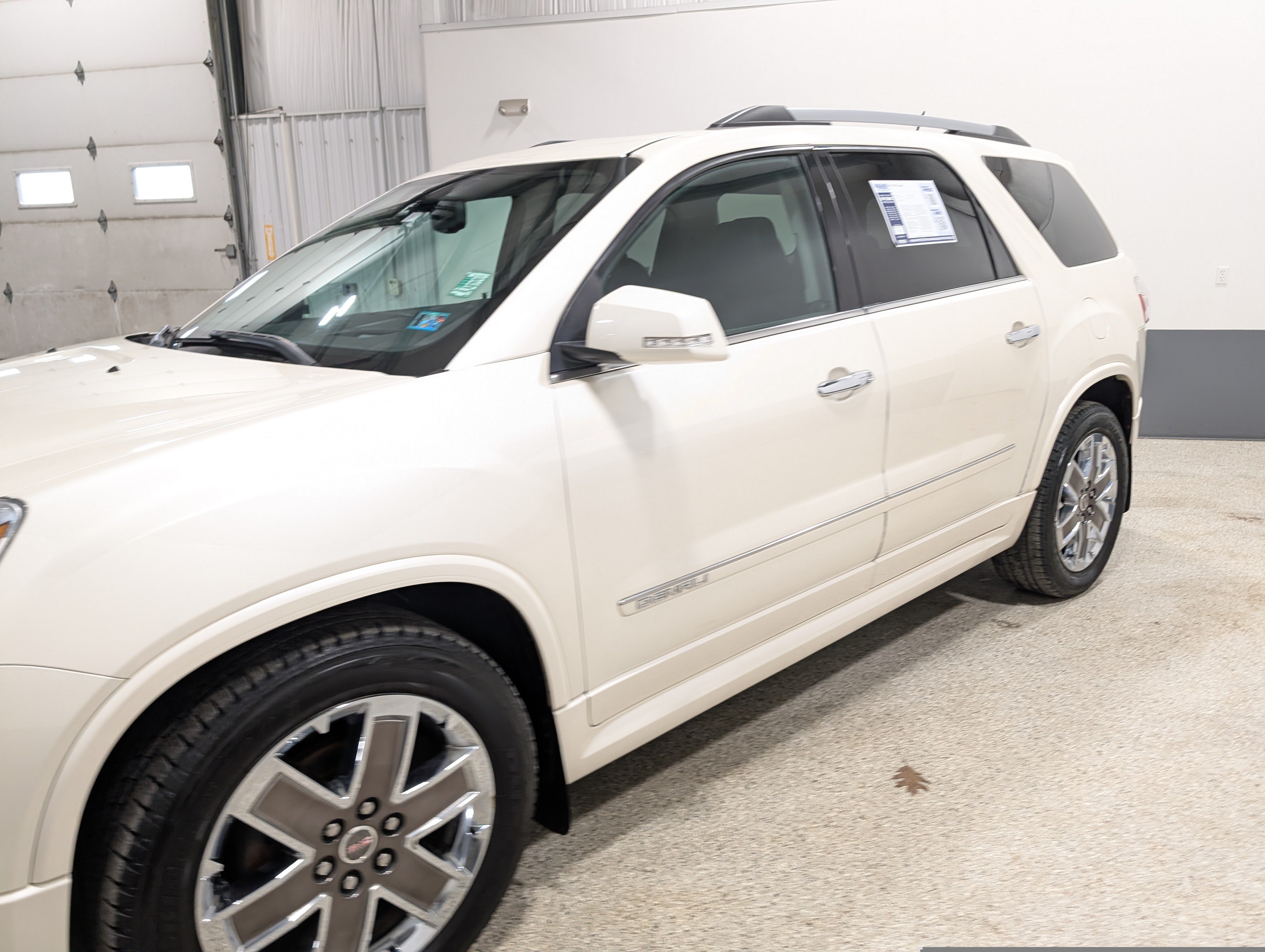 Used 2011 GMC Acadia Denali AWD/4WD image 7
:::::
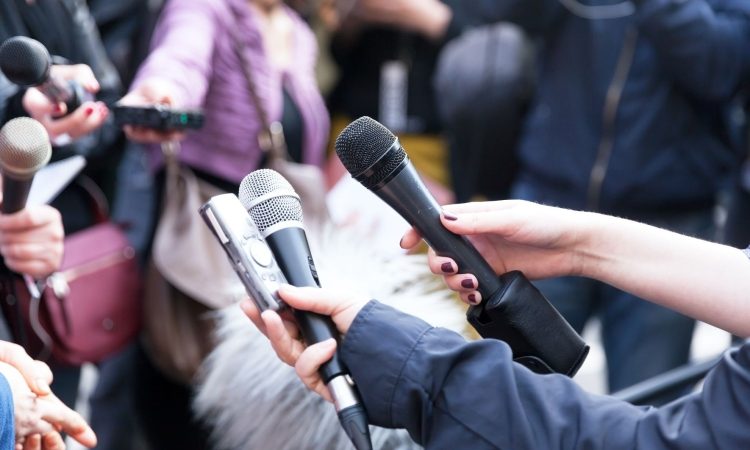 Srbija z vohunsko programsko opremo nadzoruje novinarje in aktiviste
:::::
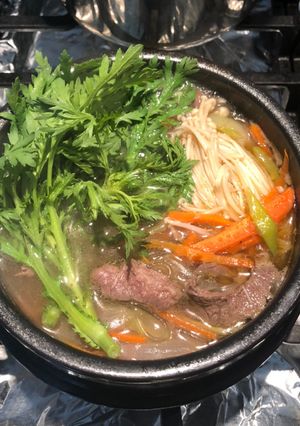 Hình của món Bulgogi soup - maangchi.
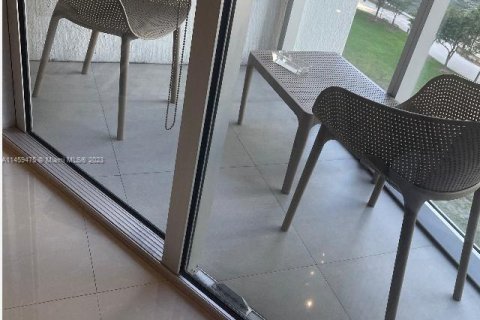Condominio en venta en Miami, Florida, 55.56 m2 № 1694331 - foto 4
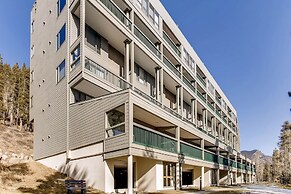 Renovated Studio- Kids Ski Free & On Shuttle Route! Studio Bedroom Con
:::::
**TASK DIRECTIONS:** When you reach the line with "Hình của món Bulgogi soup - maangchi." in the records above, begin repeating the lines exactly, and stop after the line with "Renovated Studio- Kids". Skip all pictures.

**SOLUTION:**
 Hình của món Bulgogi soup - maangchi.
Condominio en venta en Miami, Florida, 55.56 m2 № 1694331 - foto 4
 Renovated Studio- Kids Ski Free & On Shuttle Route! Studio Bedroom Con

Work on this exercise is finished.